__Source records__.

▼

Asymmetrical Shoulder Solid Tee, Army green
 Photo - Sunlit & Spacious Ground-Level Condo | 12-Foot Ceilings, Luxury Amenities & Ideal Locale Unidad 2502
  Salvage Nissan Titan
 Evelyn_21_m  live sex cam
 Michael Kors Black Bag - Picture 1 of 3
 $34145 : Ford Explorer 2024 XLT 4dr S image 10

▲

__REQUIREMENT__. The entries listed above are to be output exactly. Leave none out.

__EXERCISE ANSWER__.
Asymmetrical Shoulder Solid Tee, Army green
 Photo - Sunlit & Spacious Ground-Level Condo | 12-Foot Ceilings, Luxury Amenities & Ideal Locale Unidad 2502
  Salvage Nissan Titan
 Evelyn_21_m  live sex cam
 Michael Kors Black Bag - Picture 1 of 3
 $34145 : Ford Explorer 2024 XLT 4dr S image 10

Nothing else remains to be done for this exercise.